Re: [PATCH 0/1] sched: Restore PREEMPT_NONE as default

Next message: Marc Kleine-Budde: "Re: [PATCH 3/3] can: rcar_canfd: Handle Bus-Off recovery interrupt"
Previous message: Aditya Rajan: "[PATCH] rust: dma: return EOVERFLOW instead of ENOMEM on size overflow"
In reply to: Salvatore Dipietro: "[PATCH 1/1] sched: Restore PREEMPT_NONE as default"
Messages sorted by: [ date ] [ thread ] [ subject ] [ author ]

From: Peter Zijlstra

Date: Fri Apr 03 2026 - 17:32:26 EST

On Fri, Apr 03, 2026 at 07:19:36PM +0000, Salvatore Dipietro wrote:
> We are reporting a throughput and latency regression on PostgreSQL
> pgbench (simple-update) on arm64 caused by commit 7dadeaa6e851
> ("sched: Further restrict the preemption modes") introduced in
> v7.0-rc1.
>
> The regression manifests as a 0.51x throughput drop on a pgbench
> simple-update workload with 1024 clients on a 96-vCPU
> (AWS EC2 m8g.24xlarge) Graviton4 arm64 system.
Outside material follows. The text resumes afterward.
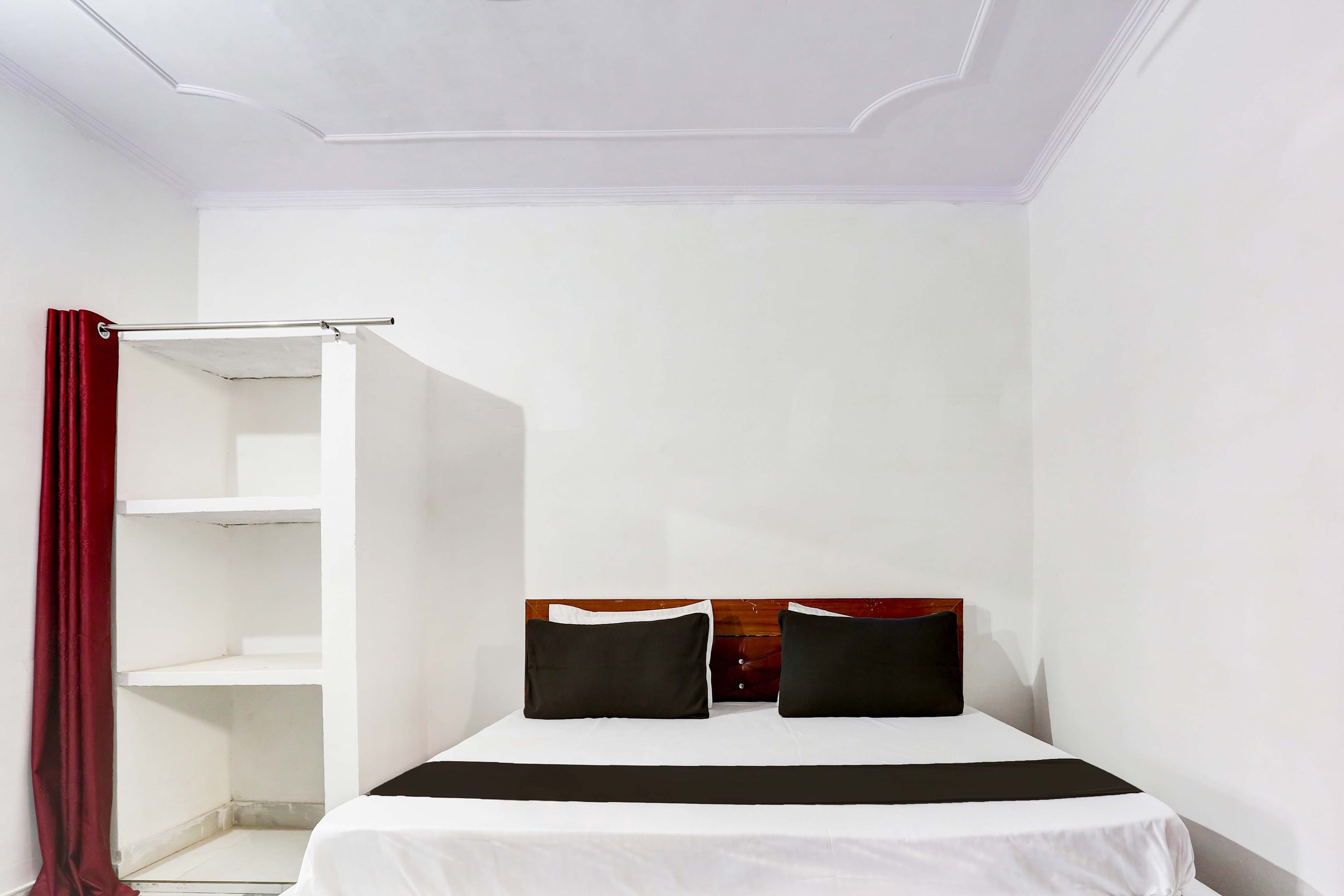 Hotel O JR GUEST HOUSE - Tap to explore photos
Perf profiling
> shows 55% of CPU time is consumed spinning in PostgreSQL's
> userspace spinlock (s_lock()) under PREEMPT_LAZY:
>
> |- 56.03% - StartReadBuffer
> |- 55.93% - GetVictimBuffer
> |- 55.93% - StrategyGetBuffer
> |- 55.60% - s_lock <<<< 55% of time
> | |- 0.39% - el0t_64_irq
> | |- 0.10% - perform_spin_delay
> |- 0.08% - LockBufHdr
> |- 0.07% - hash_search_with_hash_value
> |- 0.40% - WaitReadBuffers

The fix here is to make PostgreSQL make use of rseq slice extension:

https://lkml.kernel.org/r/20251215155615.870031952@xxxxxxxxxxxxx

That should limit the exposure to lock holder preemption (unless
PostgreSQL is doing seriously egregious things).